Las lecturas de este primer domingo de Adviento nos invitan a permanecer firmes y vigilantes, atentos a los signos de la presencia de Dios en la vida diaria. El profeta Isaías refleja cómo el pueblo de Israel está hecho polvo, desolado, sin ánimo alguno porque Dios, harto de sus desprecios, de su indiferencia, de su desobediencia, ha decidido ocultarle su rostro.
El pueblo le pide a Dios que cambie, pues, como dice el profeta, nosotros somos arcilla y tú nuestro alfarero, que vuelva, rasgue el cielo y baje. Este es el Dios que tiende siempre su mano familiar y cercana en favor de los hombres. No es un Dios que actúe puntualmente sino que está comprometido totalmente con su pueblo.
El evangelio presenta a Dios marchándose y dejándonos solos por un momento aunque nuestras prisas y nuestro egoísmo infantil hagan que la ausencia se nos haga eterna. Dios no tiene prisa, llega siempre a su hora, ni antes ni después. Marcos nos pide que estemos atentos y despiertos pues en el momento que menos esperemos, volverá. Pero esperar se nos hace interminable, no tenemos paciencia suficiente, todo tiene que ser para “antes de ayer”, también con Dios.

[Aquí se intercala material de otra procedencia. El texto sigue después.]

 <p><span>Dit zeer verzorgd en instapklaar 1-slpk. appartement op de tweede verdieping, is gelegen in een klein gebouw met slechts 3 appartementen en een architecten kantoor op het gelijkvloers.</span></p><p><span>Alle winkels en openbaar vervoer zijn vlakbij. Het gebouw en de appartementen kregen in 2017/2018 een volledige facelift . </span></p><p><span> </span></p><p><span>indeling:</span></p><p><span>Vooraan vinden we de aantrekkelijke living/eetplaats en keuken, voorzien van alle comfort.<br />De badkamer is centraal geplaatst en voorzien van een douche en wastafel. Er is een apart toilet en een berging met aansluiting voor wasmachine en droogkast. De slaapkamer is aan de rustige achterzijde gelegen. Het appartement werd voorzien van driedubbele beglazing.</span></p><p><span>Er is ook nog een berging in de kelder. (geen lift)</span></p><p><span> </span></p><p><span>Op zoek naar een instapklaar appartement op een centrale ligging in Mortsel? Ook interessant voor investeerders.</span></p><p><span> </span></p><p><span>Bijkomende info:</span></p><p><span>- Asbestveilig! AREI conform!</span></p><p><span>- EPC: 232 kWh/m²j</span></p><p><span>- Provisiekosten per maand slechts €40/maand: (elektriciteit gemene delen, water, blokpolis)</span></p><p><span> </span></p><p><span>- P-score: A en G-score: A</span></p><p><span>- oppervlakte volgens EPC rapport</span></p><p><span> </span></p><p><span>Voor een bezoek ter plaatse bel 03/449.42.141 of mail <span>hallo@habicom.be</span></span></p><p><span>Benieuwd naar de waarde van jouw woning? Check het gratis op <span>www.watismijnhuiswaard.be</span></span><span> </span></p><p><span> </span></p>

Entrar en el Adviento es asumir que el guía de la historia es Dios mismo. El momento y la hora de Dios no depende de nosotros, ni de nuestras prisa, sino de Él. Nosotros queremos que Él haga lo que a nosotros nos conviene en cada momento, que sea nuestra mascota para tener algo que hacer o que alguien se ponga contento cuando nos ve. Hoy Marcos nos manda que velemos, que vigilemos para descubrir dónde está Dios. ¿Dónde se hace presente Él? Pues en los ojos que saben mirar.
El Adviento puede ser una buena oportunidad para dejar a un lado las prisas y ejercitarse en el arte de esperar con paciencia mientras echamos a volar la ilusión por lo que va a llegar…, sabiendo que no está en nuestras manos adelantarlo, que el cielo se rasgará cuando tenga que ser, ni antes ni después. De esta forma, el corazón estará más a punto para cuando Dios sea un Dios-con-nosotros a quien poder mirar a los ojos en una contemplación que deberíamos medir y aprovechar en unidades de eternidad.
Hacerse con el control del tiempo para aprovecharlo en lo que de veras merece la pena. Darle un sitio a la esperanza frente a la prisa es una excelente tarea de Adviento que hará que este tiempo no pase inadvertido. Quizá así, esta vez sí, vivamos más profundamente esta Navidad, que se nos anuncia por todos lados, pero que interiormente solo nosotros podemos preparar y celebrar.